Sizing for Data Types

When you calculate the raw_size of different data types, it is distinguished among CHAR, VARCHAR, and all other (numeric, data, boolean) data types. The categories and the sizes of the data types are described in the following sections.

VARCHAR(x)

This data type is proportional to the number of characters in a string. For example, a text string 12345 has raw_size 5 even if the VARCHAR(100). However, the UTF-8 characters use more than 1 byte per character. Therefore, generic UTF-8 strings of type VARCHAR may use up to 4*<number of characters in a string bytes.

CHAR(x)

This data type always has at least x bytes. Using the above example, a text string 12345 with data type CHAR(100) will have at least 100 bytes of raw_size. It will be more if UTF-8 characters used.

Other Types

The other data types have a fixed size.

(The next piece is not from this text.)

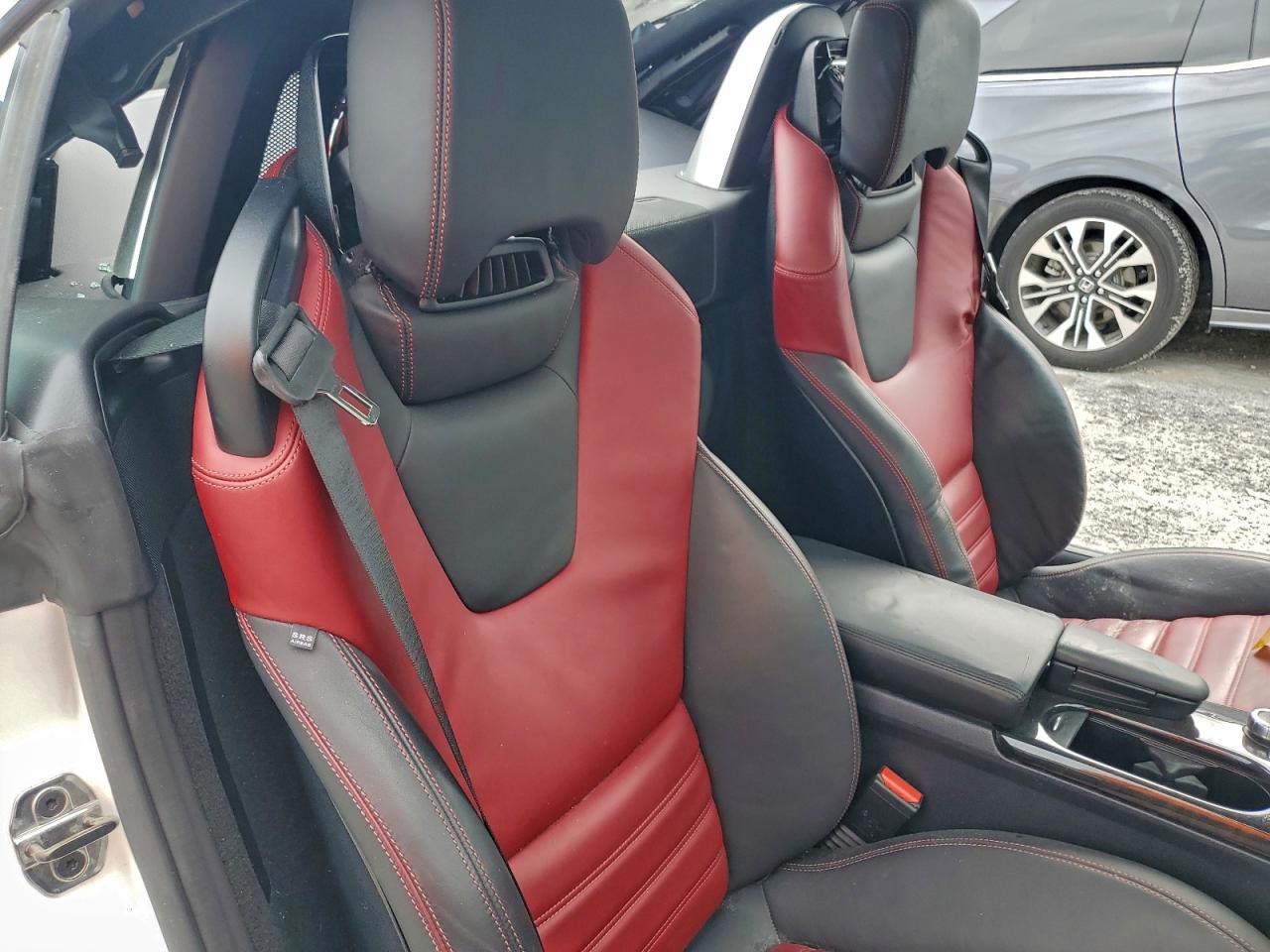 2017 MERCEDES-BENZ SLC 300 photo 10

The following table describes the raw_size for some common data types.

Data Type Raw Size in Bytes
DATE 3
TIMESTAMP 7
DECIMAL(18,0) 8
DECIMAL(36,0) 16
DECIMAL(9,0) 4
BOOLEAN 1

Calculate Mem and Raw Size

For any column of a table, you can use get the mem_size and the raw_size by looking up $EXA_COLUMN_SIZES. The mem_size and the raw_size is always in bytes.

Do the following to calculate the raw_size of a data type:

  1. Create a dummy table containing columns with the required data types.
  2. Insert some rows in the table.
  3. Look up the $EXA_COLUMN_SIZES in the table and divide the column raw_size by the number of rows.